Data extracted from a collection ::
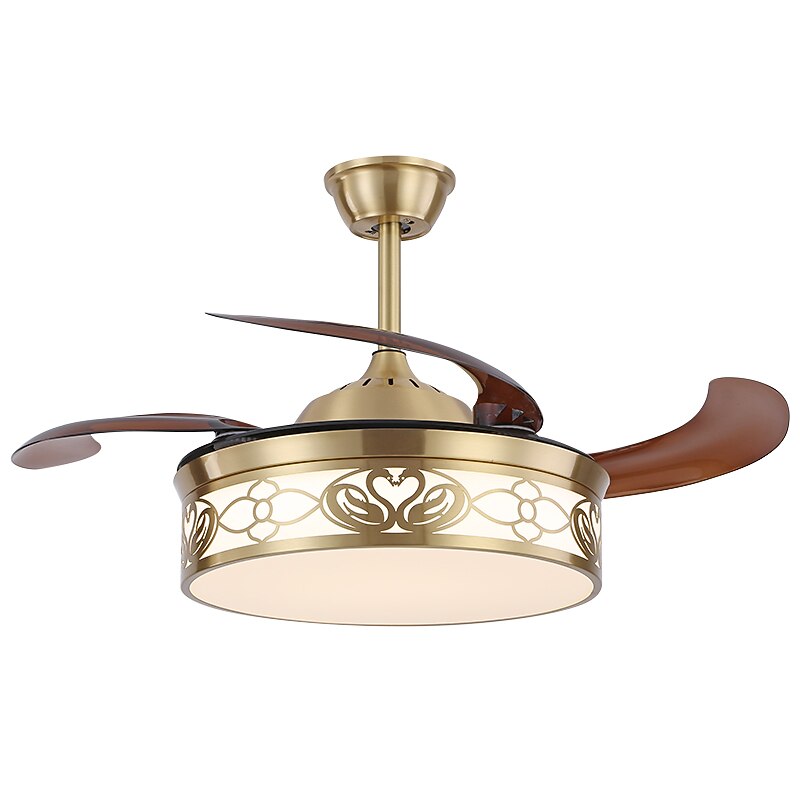 Deckenventilator mit Lichtkreis-Design-App& Kristall-Fernbedienung, 50 cm, dimmbar, 6 Windgeschwindigkeiten, moderner Deckenventilator für Schlafzimmer, Wohnzimmer, kleines Zimmer, 110–240 V 2025 - $518.29 –P17
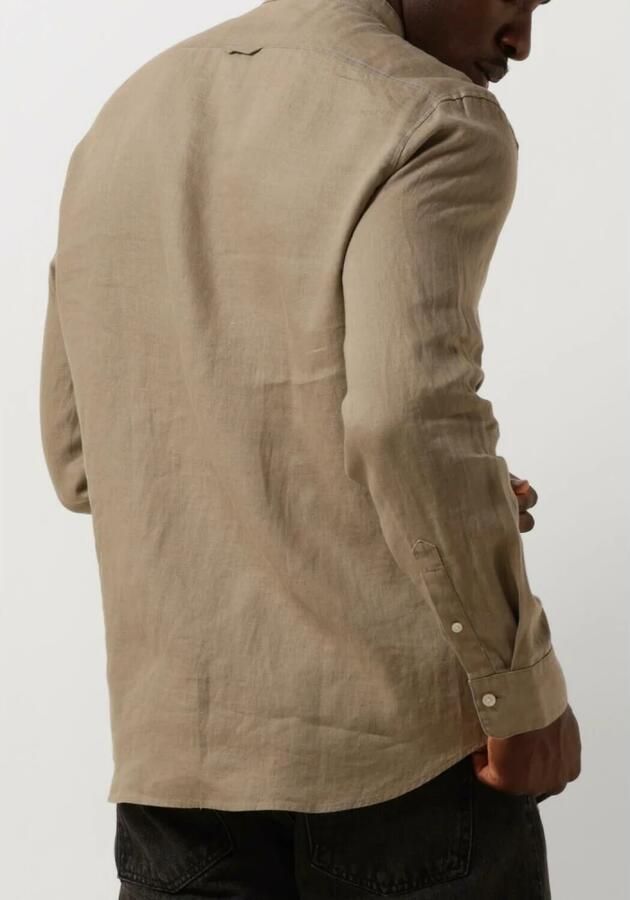 Drykorn Regular fit linnen overhemd met opstaande kraag model 'TAROK' - Foto 4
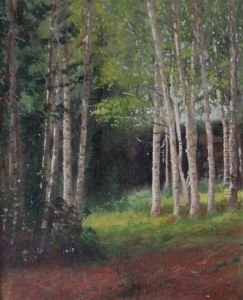 Forest Landscape by William Alexander Griffith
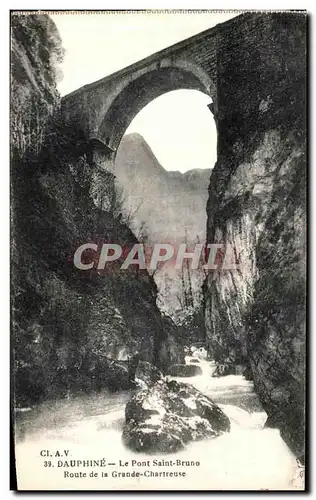 Cartes postales Dauphine Le Pont Saint Bruno Route de la Grande Chartreuse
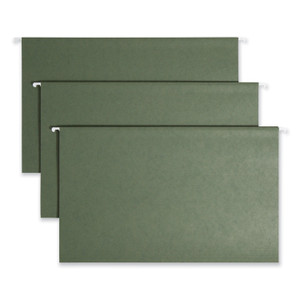 Smead Hanging Folders, Legal Size, 1/5-Cut Tabs, Standard Green, 25/Box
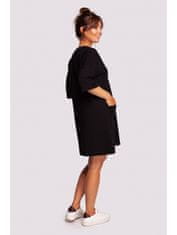 BeWear Dámske mini šaty Rabyang B233 čierna L/XL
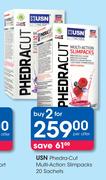 USN Phedra Cut Multi Action Slim Packs 20 Sachets-For 2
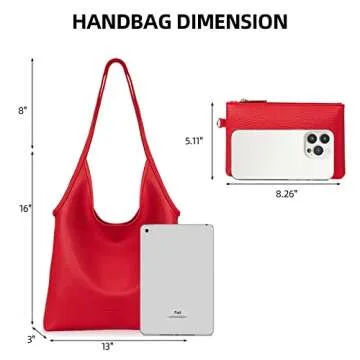 Montana West Hobo Bags for Women Designer Top Handle Purses Soft Ladies PU Leather Shoulder Handbag Set MWC2-111BDY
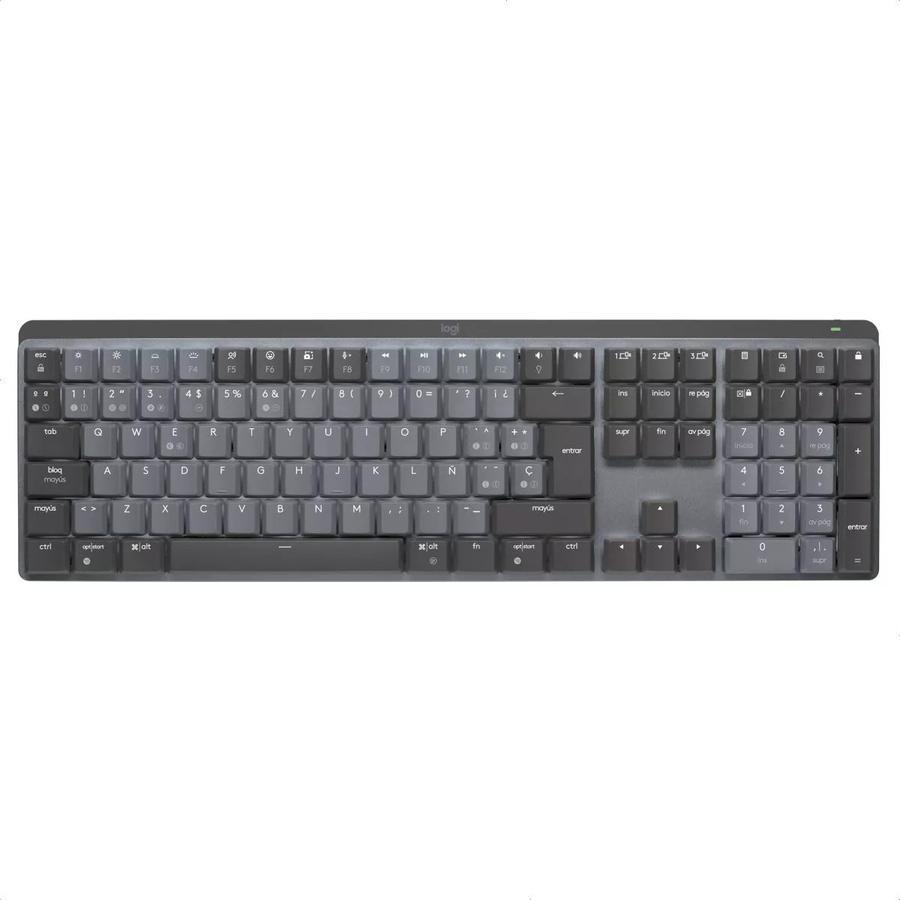 TECLADO LOGITECH WIRELESS MX KEYS MECHANICAL GRAPHITE 920-010845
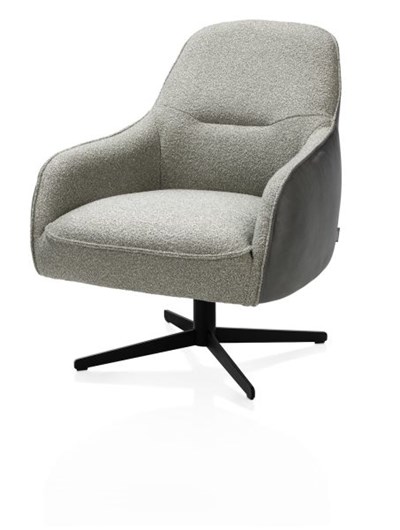 Fauteuils pivotants-Oviedo, fauteuil dossier bas-Xooon-mailleux-1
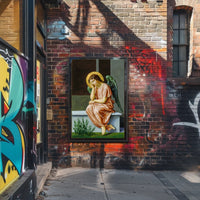 Contemplative Angel Poster
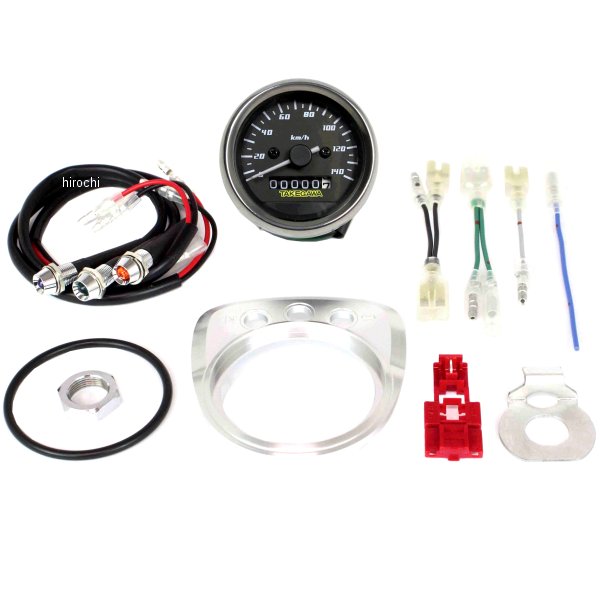 05-05-0105 SP武川 Dタイプスピードメーターキット 黒/白 スーパーカブ50、リトルカブ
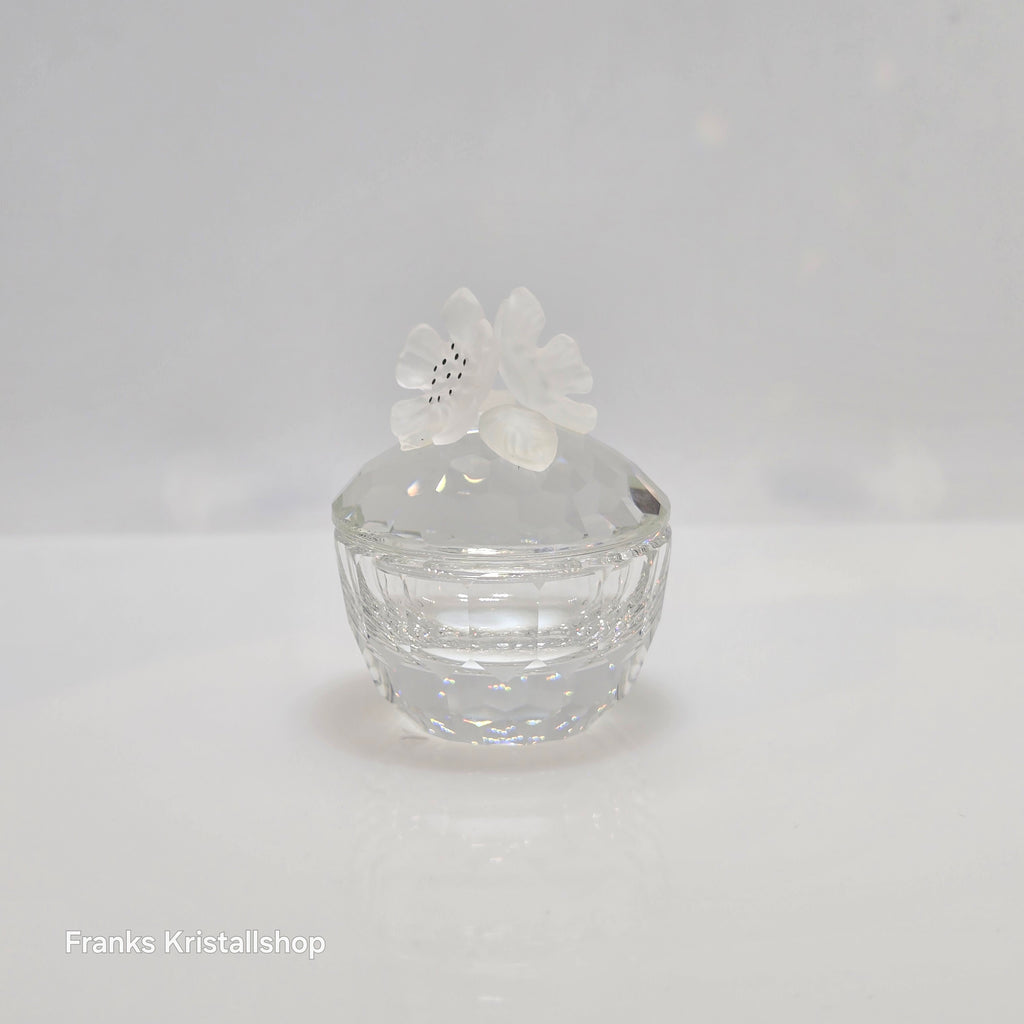 SWAROVSKI Pillendose Rund Blüten 010068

YOUR TASK :: Your task is to reproduce exactly the lines running from the line that contains "05-05-0105 SP武川 Dタイプスピードメーターキット" to the end of the records, pictures excluded.

EXERCISE RESPONSE ::
 05-05-0105 SP武川 Dタイプスピードメーターキット 黒/白 スーパーカブ50、リトルカブ
 SWAROVSKI Pillendose Rund Blüten 010068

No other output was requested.